**WHAT YOU ARE ASKED TO DO:** Reproduce the listing that follows word for word, without its pictures.

**INFORMATION PROVIDED:**
══════
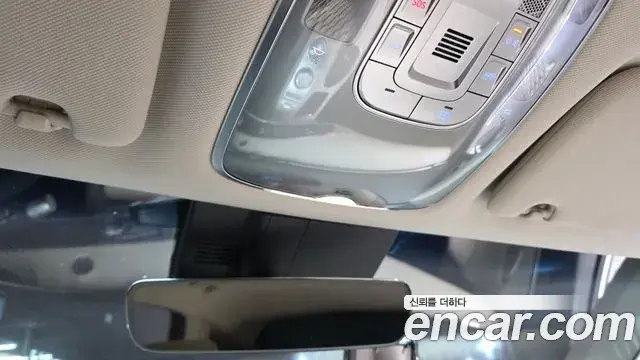 Genesis GV70 2021 — Photo 18/20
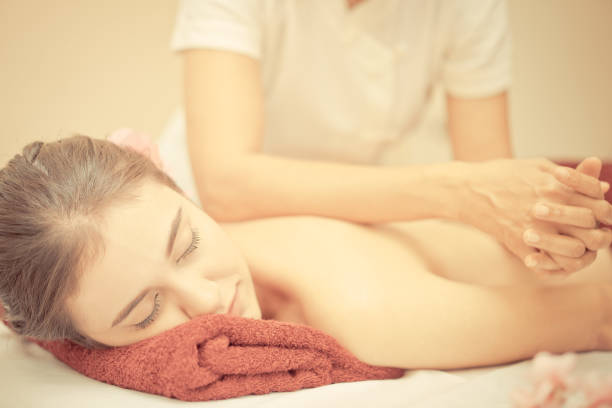 masaje tailandés con codo a una mujer detrás de masaje - massage therapist massaging sport spa treatment fotografías e imágenes de stock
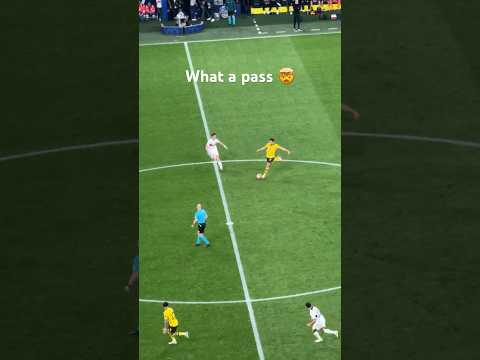 Crazy 😳 #fußball #championsleague #viral #wow #fy #bvb #goal #mbappe #dembele #pass #hummels #omg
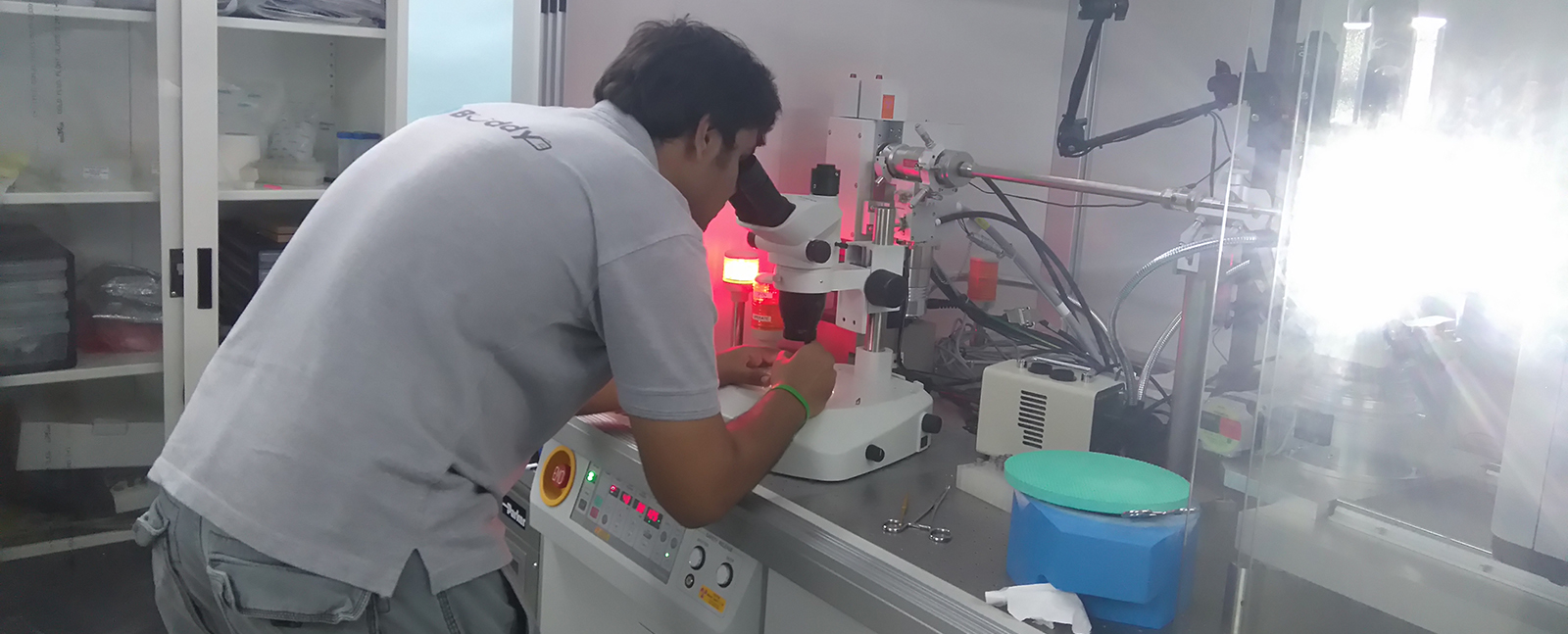 Diffactometer and protein crystal mouting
══════
**EXERCISE SOLUTION:**
 Genesis GV70 2021 — Photo 18/20
 masaje tailandés con codo a una mujer detrás de masaje - massage therapist massaging sport spa treatment fotografías e imágenes de stock
 Crazy 😳 #fußball #championsleague #viral #wow #fy #bvb #goal #mbappe #dembele #pass #hummels #omg
 Diffactometer and protein crystal mouting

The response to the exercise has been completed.